From Fully Connected Layers to Convolutions

mli · May 29, 2020, 8:37pm

http://d2l.ai/chapter_convolutional-neural-networks/why-conv.html

lregistros · July 14, 2020, 6:05pm

6.1.2 formulas make use of the u[i,j] term but there is no explanation of what is u.

lregistros · July 15, 2020, 6:47pm

Equation 6.1.1 is missing the x term that multiplies V.

StevenJokes · July 16, 2020, 11:58am

6.1.6.2 When might it not make sense to allow for pigs to fly?
What does “when” mean?

StevenJokes · July 16, 2020, 12:18pm

No missing.
?

StevenJokes · July 16, 2020, 12:20pm

6.1.1 formulas make use of the u[i,j] term but there is no explanation of what is u .
Wait for explanation.

goldpiggy · July 17, 2020, 6:12pm

6.1.2 formulas make use of the u[i,j] term but there is no explanation of what is u .
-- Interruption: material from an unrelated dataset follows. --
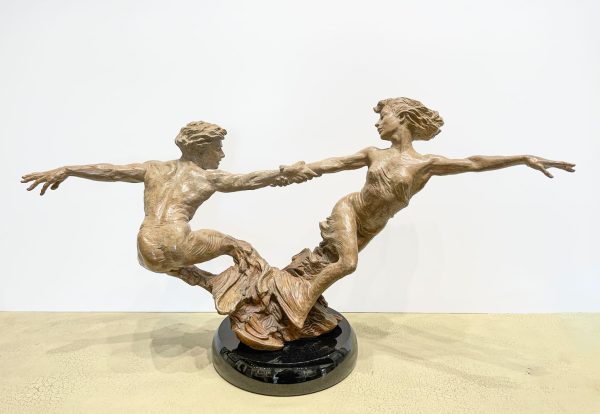Whirlwind by Martin Eichinger - man and woman dancers holding hands spinning with hands outstretched. Bronze sculpture on polished granite base.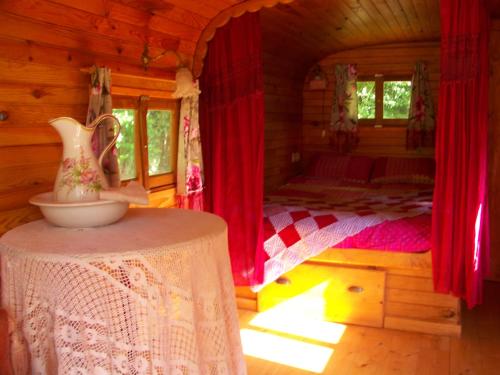 a bedroom with a bed in a wooden cabin at la boutique de laurence in Ségrie-Fontaine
Hi @lregistros and @StevenJokes, u is the bias term here. Sorry for confusion, we will rewrite this section later.

lregistros · July 17, 2020, 6:53pm

Sorry to the confusion. It was the browser in my tablet trimming the formula.

manuel-arno-korfmann · July 31, 2020, 3:02am

Because these networks are invariant to the order of the features, we could get similar results regardless of whether we preserve an order corresponding to the spatial structure of the pixels or if we permute the columns of our design matrix before fitting the MLP’s parameters.

7. Convolutional Neural Networks — Dive into Deep Learning 1.0.3 documentation §1

This would require to permute the columns for all examples consistently or could we basically shuffle all examples in a different way for the same training run?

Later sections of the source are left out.